I find that when I travel, the one thing that can really make or break a visit to a new country are the people that you meet along the way. While we met several nice travelers –from US, Israel, England, Germany, and more – it was the Kiwis themselves (on the road themselves or at home) that made us fall in love with this friendly, laid-back country. By the end of the trip we had a collection of handwritten notes on napkins, from waiter, winery workers, and more – helping us to find scenic shortcuts, campsites not listed in our guidebooks, and the best places for fresh seafood. Service was always coupled with a smile. A family of famers in the Otago Peninsula, near Dunedin, were gracious enough to put Janine & I up for a night, take us on a tour of some amazing wildlife on their large parcel of land/private beach – yellow eyed penguins, fur seals, and sea lions, oh my – and even get us a little drunk on gin & tonics. New Zealanders are clearly proud of their country and are equally proud to share it with tourists, and as a traveler, this attitude was very much noticed and appreciated. And from friendly small-town farmers to cosmopolitan city-dwellers, one thing that remained true for every New Zealander we met – was their complete devotion to their World Cup winning rugby team, the All Blacks!
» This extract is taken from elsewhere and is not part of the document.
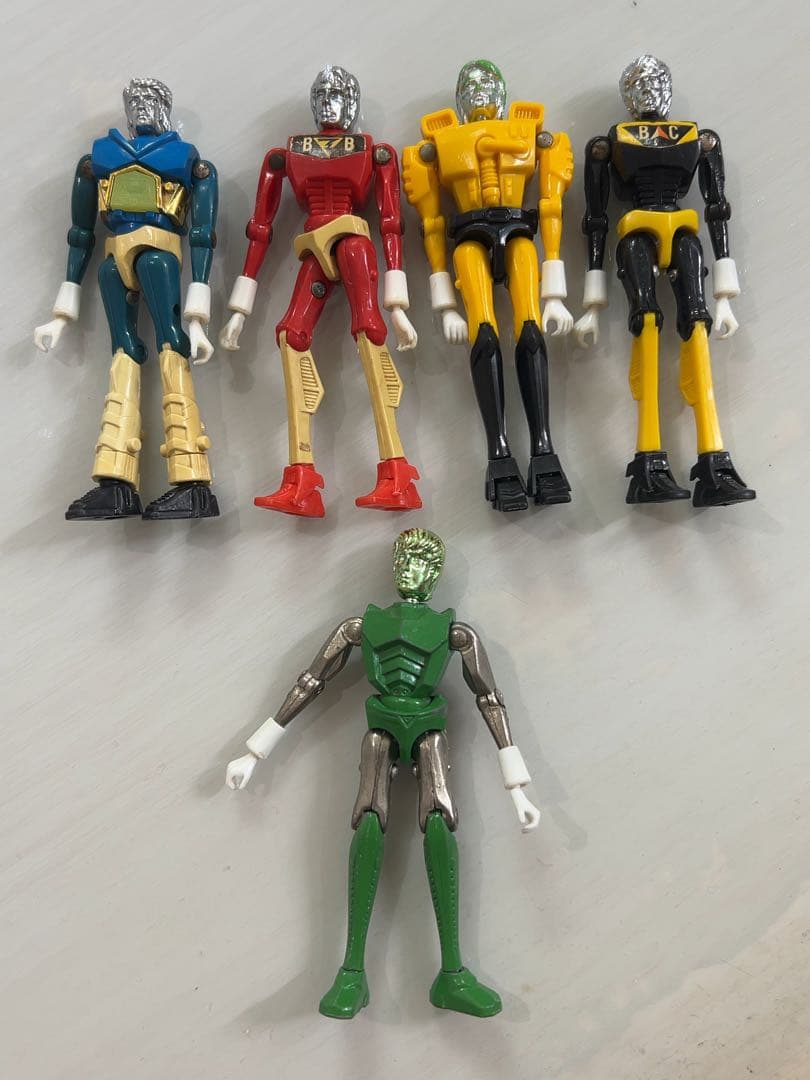 ミクロマン　昭和レトロ　スーパーミクロマン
Throughout our exciting adventure, Janine & I experienced plenty of travel mishaps, usual ones – flat tires and long flights delays – and New Zealand-specific ones – an earthquake in Christchurch and several bites from the all too friendly South Island sand flies. But the trip was a winning one and the only regret I have is that we were not able to spend more time to see everything New Zealand had to offer. Janine & I are already planning a 10 year reunion trip – this time, no shorter than a month (per island!) and we will plan in time enough to reserve our spot on a Great Walk. Cheers!